The SemPy read_table and evaluate_measure methods have more parameters that are useful for manipulating the output. These parameters include:

  • fully_qualified_columns: For a "True" value, the methods return column names in the form TableName[ColumnName]
  • num_rows: The number of rows to output in the result
  • pandas_convert_dtypes: For a "True" value, pandas cast the resulting DataFrame columns to the best possible dtype convert_dtypes. If this parameter is turned off, type incompatibility issues between columns of related tables can result; the Power BI model might not detect those issues because of DAX implicit type conversion

SemPy read_table also uses the model information that Power BI provides.

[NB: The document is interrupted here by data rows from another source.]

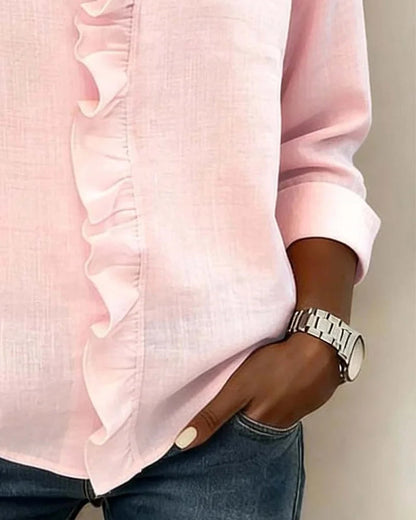 Image of Marie | Dames Ruche V-hals Lange Mouw Blouse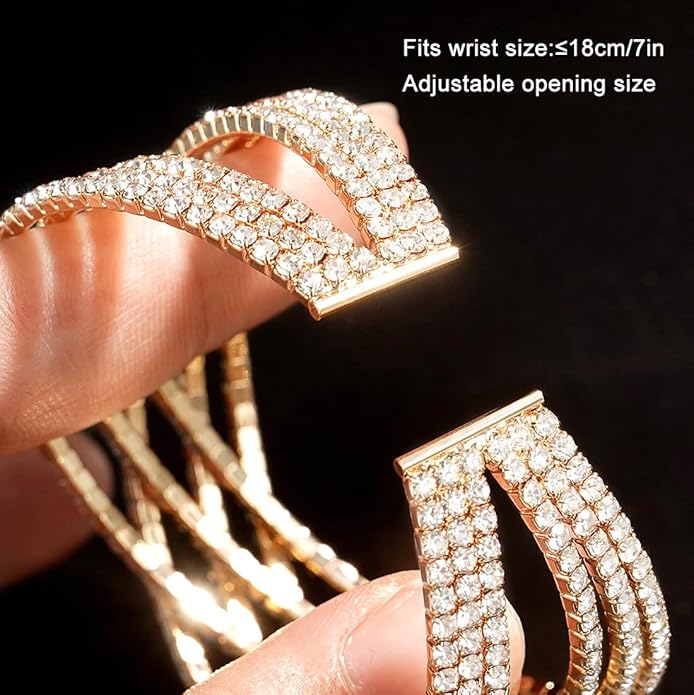 Suyi Rhinestone Bracelet Multilayer Gold Cuff Bracelet for Women Crystal Braidal Bracelets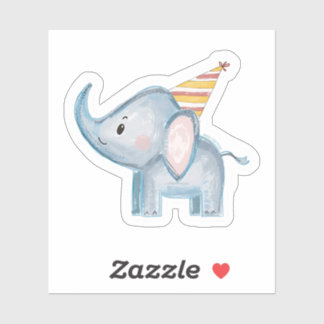 Adesivo Cute Baby Elephant with Party Hat Birthday Sticker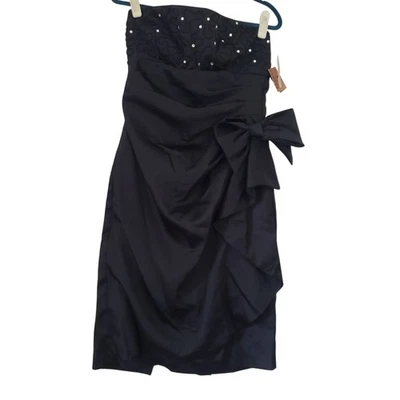 Vestido negro sin tirantes vintage de los 90 para mujer talla 12 Deadstock graduación cóctel LBD Foto 1 de 4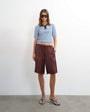 Topshop satin longline bermuda shorts in chocolate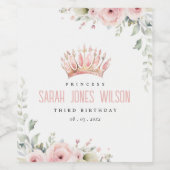 キュートピンクプリンセスクラウンティアラフローラ誕生日 ワインラベル (シングルラベル)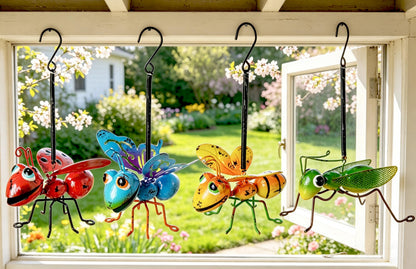 GIFTME 5 Metal Garden Sculptures Statues Yard Art Decoration,Set of 4 Garden Decor Perfect Hanging The Tree, Porch,Backyard or Patio Wall Decor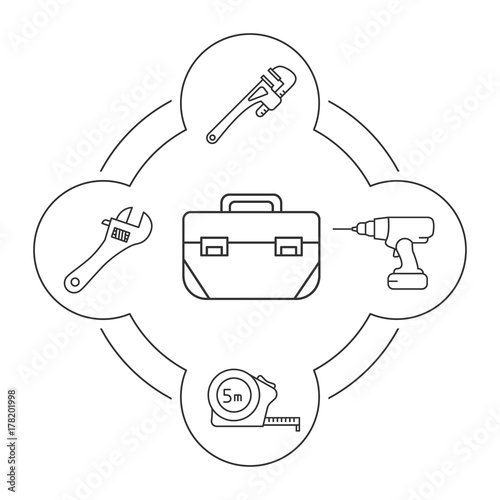 Tool box contents linear icons set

  • multiindex_hierarchies: If "True", it converts Power BI Hierarchies to a pandas MultiIndex structure

Write data consumable by semantic models

Spark tables added to a Lakehouse are automatically added to the corresponding default semantic model. This example demonstrates how to write data to the attached Lakehouse. The FabricDataFrame accepts the same input data as Pandas dataframes.

from sempy.fabric import FabricDataFrame

df_forecast = FabricDataFrame({'ForecastedRevenue': [1, 2, 3]})

df_forecast.to_lakehouse_table("ForecastTable")

With Power BI, the ForecastTable table can be added to a composite semantic model with the Lakehouse semantic model.